Me interesa sin embargo destacar lo ocurrido luego del asesinato. Ford, que al parecer no recibió todo el dinero que esperaba, pero que sí obtuvo su libertad, empezó a venderse como el glorioso asesino de Jesse James. Cobraba por tomarse fotos con la pistola que usó para matarlo (se dice que se la había regalado el mismo James), y no contento con esto, durante un tiempo, representó en teatros, una y otra vez, la escena de su muerte. En la obra, titulada The Outlaws of Missouri, Charlie hacía de Jesse James y Bob se interpretaba a sí mismo. Por supuesto, en aquella representación, Ford le pegaba un tiro a James al voltear, un tiro en el pecho, de frente. Ford actuó su crimen unas ochocientas veces, así como en el Infierno, se dice, algunas almas están condenadas a repetir hasta el delirio su pecado. Me pregunto qué pensaría Ford en aquellos momentos, cada vez que apretaba el gatillo, cada vez que sonaba el tiro falso, cada vez que salía el humo del cañón de la pistola, cada vez que James caía al piso, herido de muerte y cada vez que la actriz entraba y se tiraba al piso y abrazaba a su marido. ¿Qué pensaba Ford siempre que se tomaba una foto con la pistola, o cuando se apagaban las luces del teatro? ¿Qué pensaba?

Usaba el nombre de un muerto para su provecho, para su desgraciada notoriedad. Porque a Ford lo persiguió el infortunio. Charlie, atormentado por su felonía, se hizo adicto a la morfina y terminó quitándose la vida, y a Robert la gente lo rechazaba. En la obra, por ejemplo, le lanzaban objetos y desde la oscuridad le llamaban cobarde y traidor. Anduvo siempre en perpetua fuga, no duraba mucho en los lugares, temía que lo mataran, que en alguna vuelta de esquina, Frank, el hermano de Jesse, se le apareciera y tomara venganza. Quizás no supo que aquel temido Frank se entregó a la ley el mismo año de 1882 y luego se dedicó a vivir una vida tranquila. Recaló sus huesos en Saint Louis (Misuri), vendiendo entradas en un teatro de burlesque que lo usaba como atractivo: «Venga y cómprele un tiquete de teatro al mismísimo forajido Frank James».

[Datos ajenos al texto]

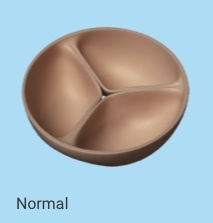 A model of a normal aortic valve of the heart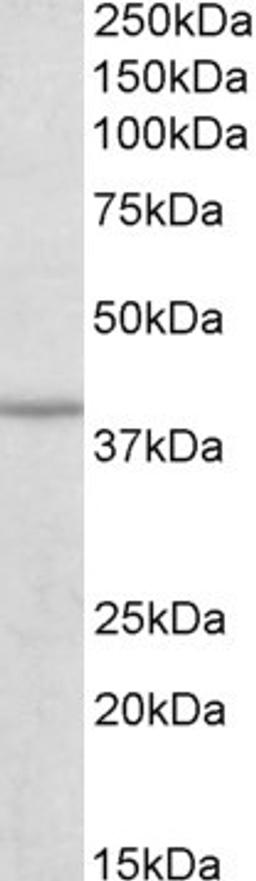 Western Blot: IDH3B Antibody [NBP1-78787] (0.3ug/ml) staining of Human Skeletal muscle lysate (35ug protein in RIPA buffer). Primary incubation was 1 hour. Detected by chemiluminescence.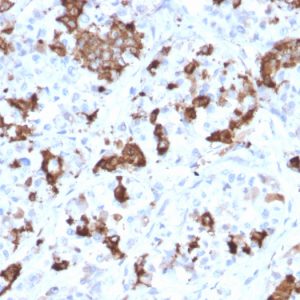 Formalin-fixed, paraffin-embedded human Pituitary stained with Prolactin Mouse Monoclonal Antibody (PRL/2644).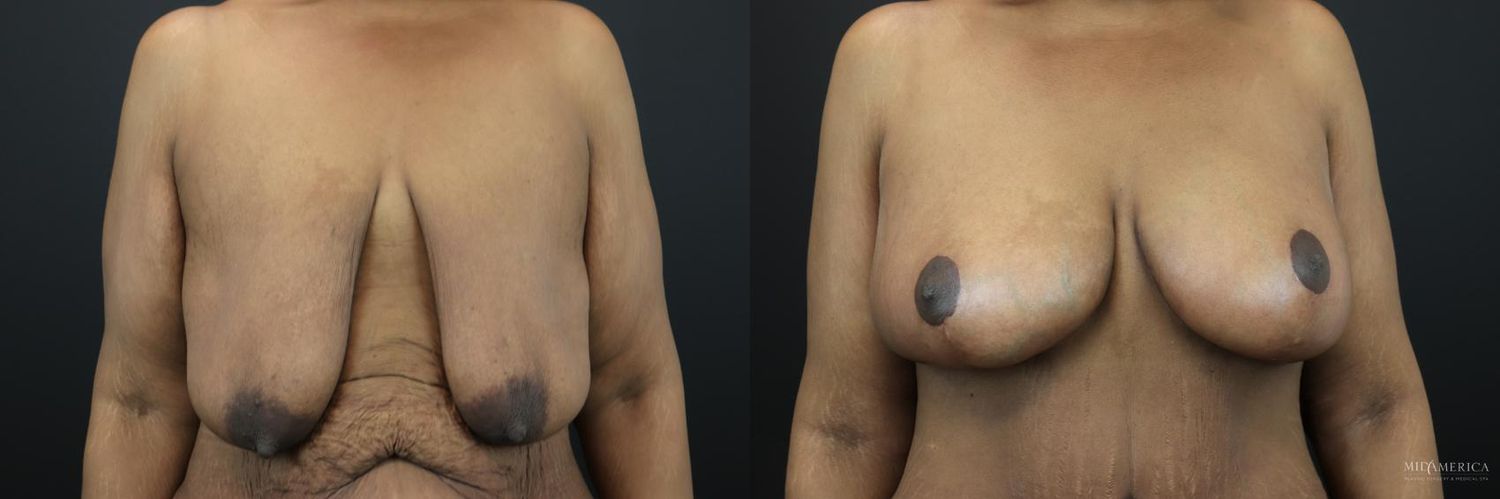 Breast Lift Before & After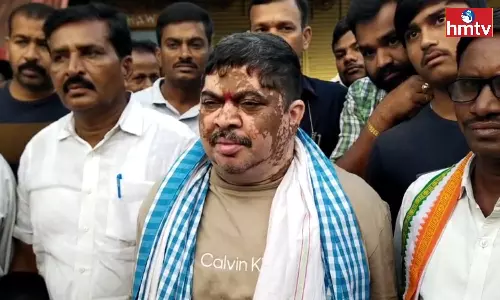 Minister Ponnam Prabhakar visit to Siddipet District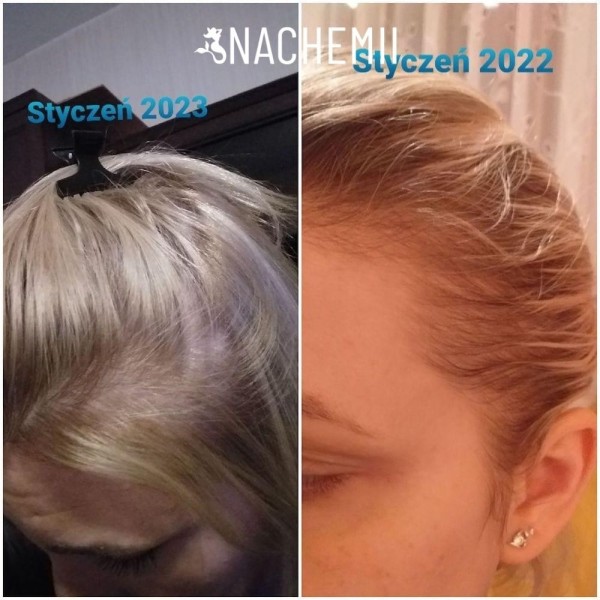 Serum stymulujące porost włosów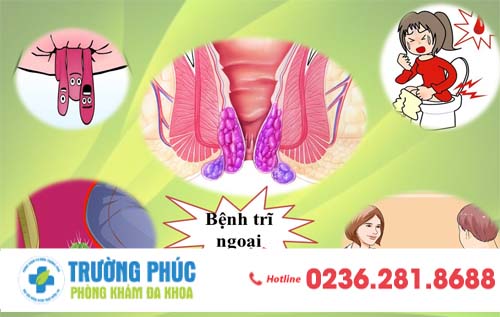 Bệnh Trĩ Ngoại Và Phương Pháp Cắt Trĩ Ngoại An Toàn Hiệu Quả 2020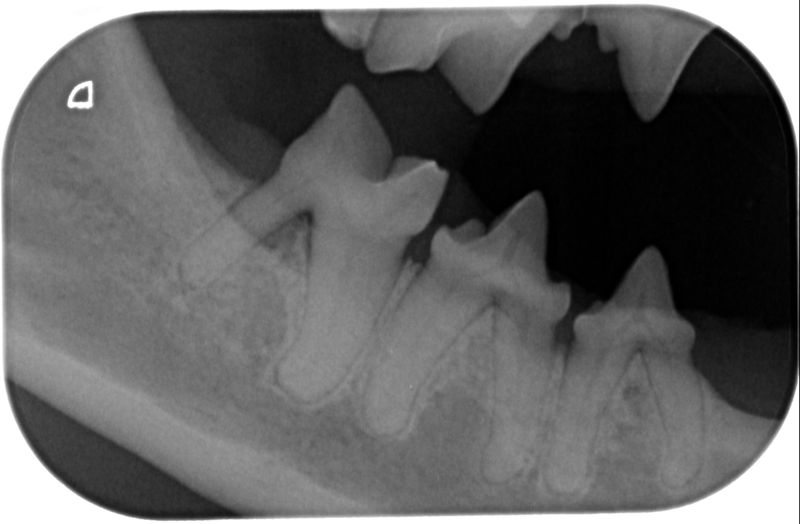 Fig.2 : Rx mandibola sin. pre-op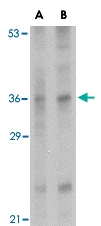 PAB13279 - Interleukin-33 (IL33)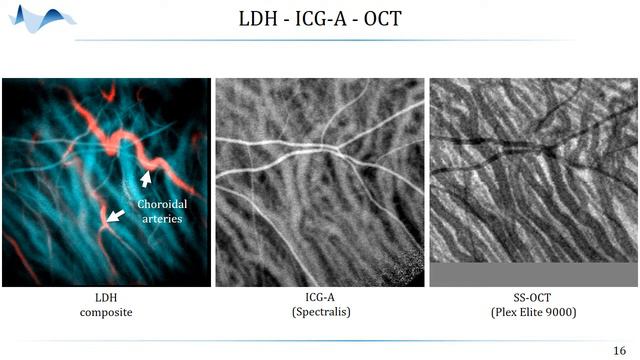 II - Choroidal vasculature imaging with laser Doppler holography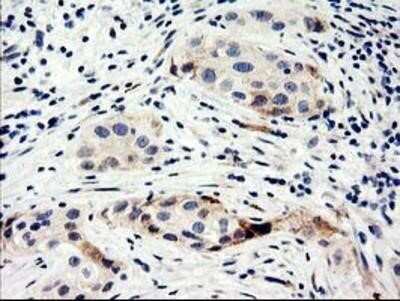Immunohistochemistry: Nucleobindin 1 Antibody (OTI1A5) - Azide and BSA Free [NBP2-73086] - Staining of paraffin-embedded Carcinoma of Human bladder tissue using anti-Nucleobindin 1 mouse monoclonal antibody.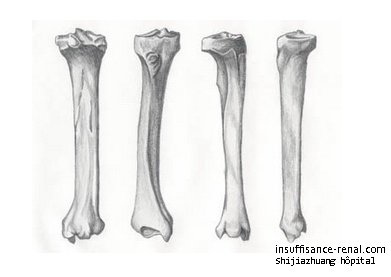 Avez-vous la maladie des os d'insuffisance rénale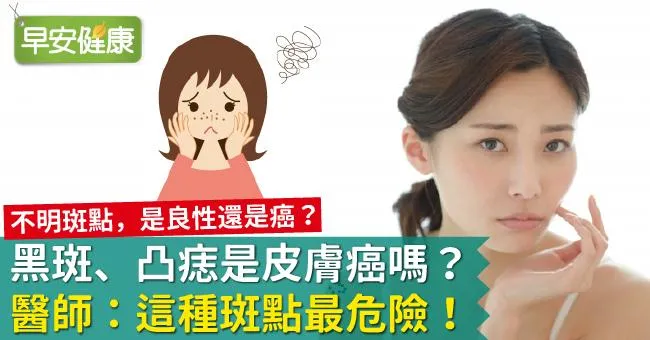 黑斑、臉上皮膚長黑點，是皮膚癌嗎？皮膚科醫師：這3種黑斑狀態最危險！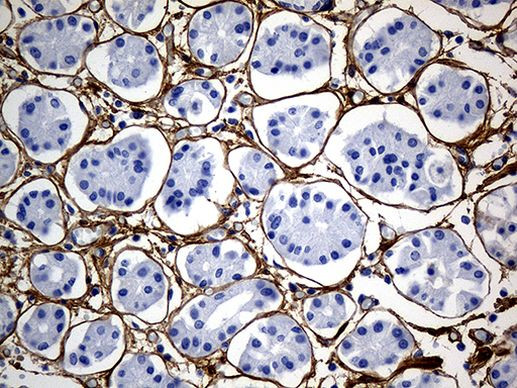 TGFBI Antibody in Immunohistochemistry (Paraffin) (IHC (P))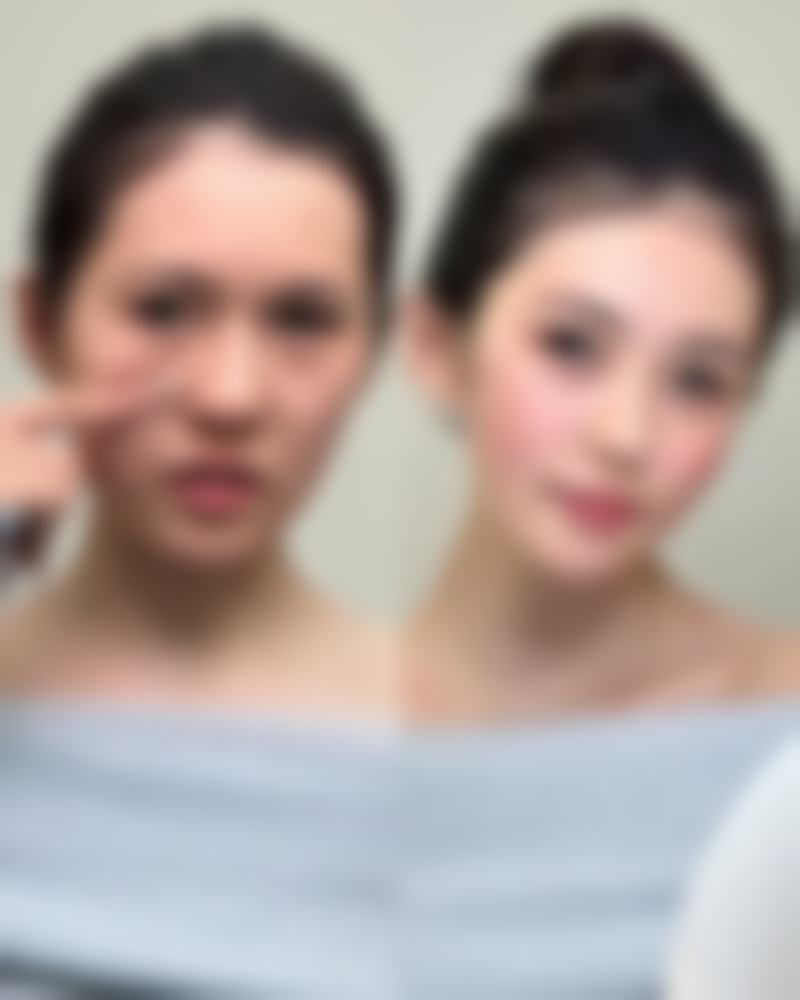 五、如何判断眼袋类型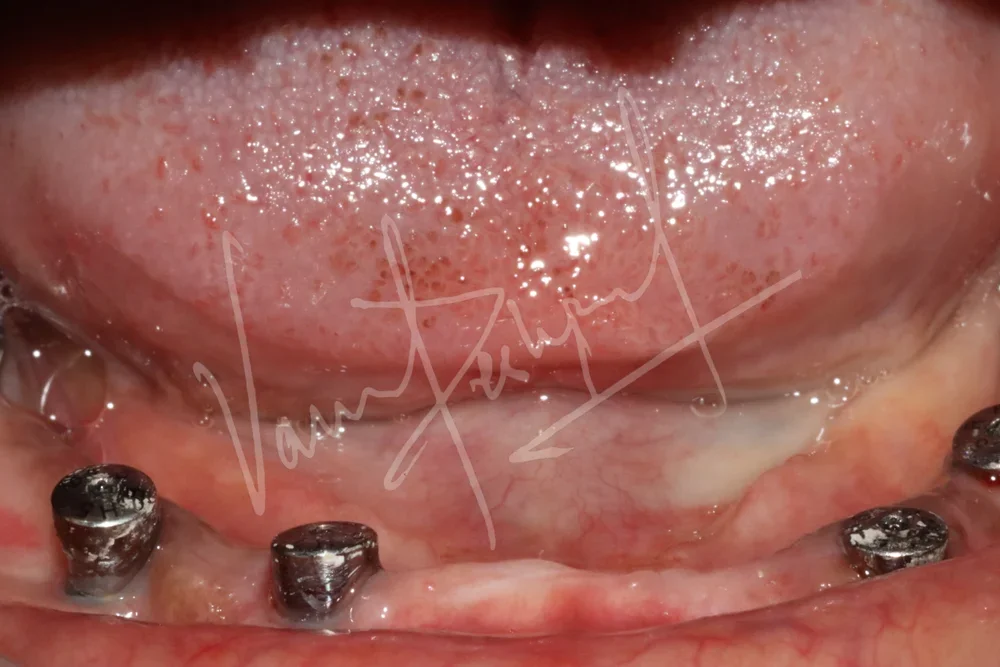 Dental Implants - Image 36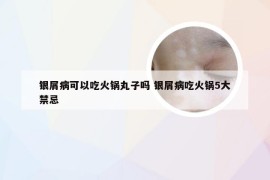 银屑病可以吃火锅丸子吗 银屑病吃火锅5大禁忌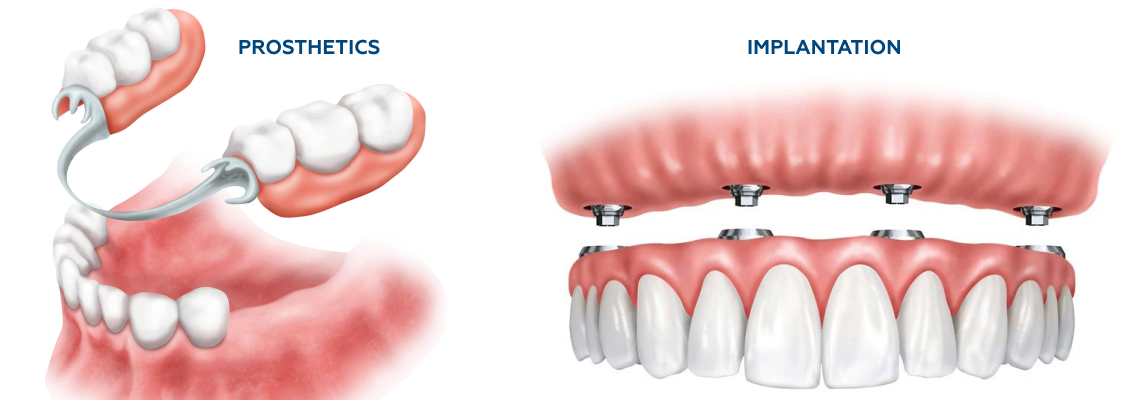 Diagram comparing dental prosthetics and implantation with labeled parts.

Con todo, Ford murió asesinado. Lo mató un tal Edward O’Kelly de un tiro de escopeta en 1892. No se sabe si su muerte tuvo que ver con el asesinato de James. Pero quien a hierro mata…

El hecho es que nuestro asesino quiso usar el nombre de su víctima, de un fallecido, para hacerse un lugar en el mundo. Los cobardes usan a los muertos, los cobardes terminan haciendo de la traición una epopeya. James, además, no era un héroe, todo lo contrario, pero tan erróneamente actúan los rufianes que, bajo su mirada, el más bajo de los seres humanos termina convirtiéndose en una figura de altura, absurdamente amada. Así son los miserables, incapaces de ser por sí mismos. En la cinta, Affleck personifica tal espíritu de manera genial: lo muestra como un pobre hombre, lleno de dudas, de miedos, de complejos, un pobre imbécil que no sabe ser él mismo, que no es capaz de dejarle nada bueno al mundo. Los protervos quieren fama, una supuesta gloria, y la logran haciéndose notar desde lo oscuro, destruyendo, trayendo el caos. Es lo mejor que saben hacer, son excelentes para mentir y destruir mintiendo. Algunos, como se ve en la cinta —y en nuestra realidad de hoy— se aprovechan de la memoria patética de un muerto ignominioso pero carismático para intentar seguir a flote. Al final del día, hasta la manipulación de esa memoria les sale mal.